DATA EXCERPTS ->
————
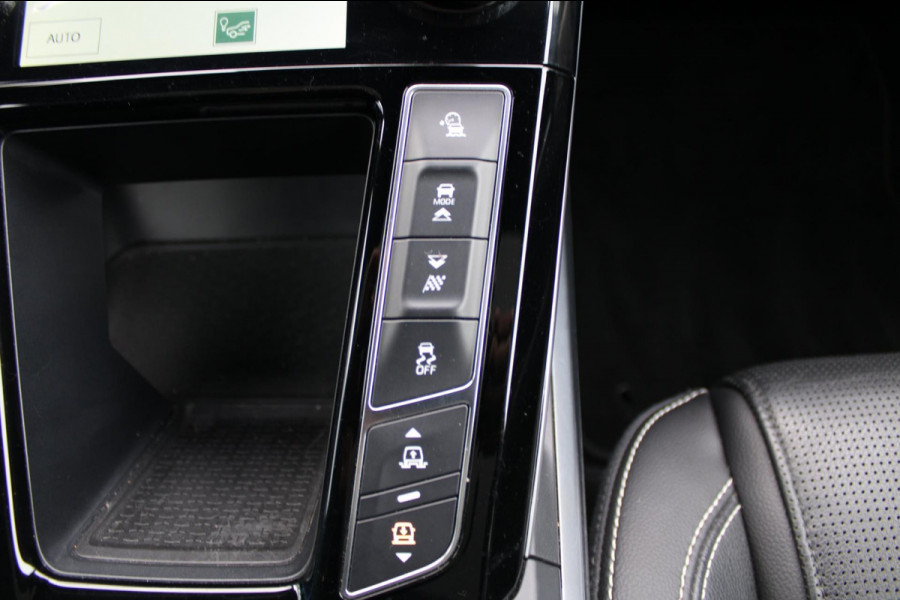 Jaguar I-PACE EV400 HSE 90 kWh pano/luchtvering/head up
————
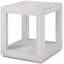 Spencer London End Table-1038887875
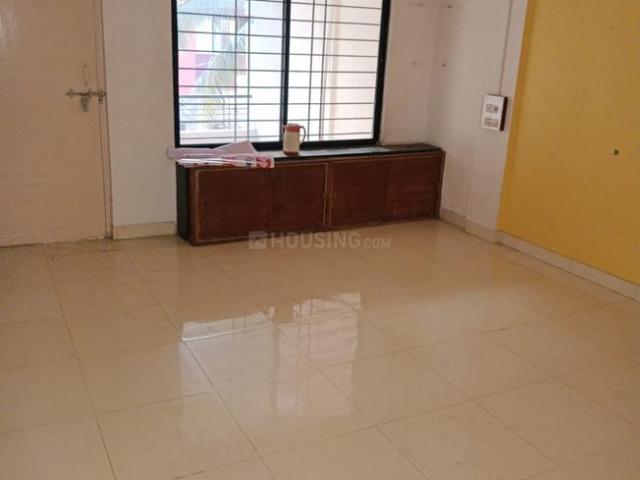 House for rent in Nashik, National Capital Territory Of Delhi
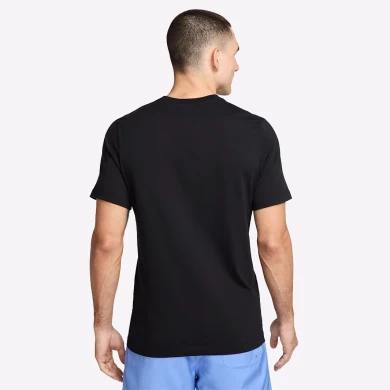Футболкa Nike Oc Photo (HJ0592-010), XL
————
PROBLEM ->
Above, find the line with "Spencer London End Table-1038887875"; copy it and every line down to the line with "Футболкa Nike Oc Photo (HJ0592-010), XL", exactly and both included, but no pictures.

ANSWER SECTION ->
 Spencer London End Table-1038887875
 House for rent in Nashik, National Capital Territory Of Delhi
Футболкa Nike Oc Photo (HJ0592-010), XL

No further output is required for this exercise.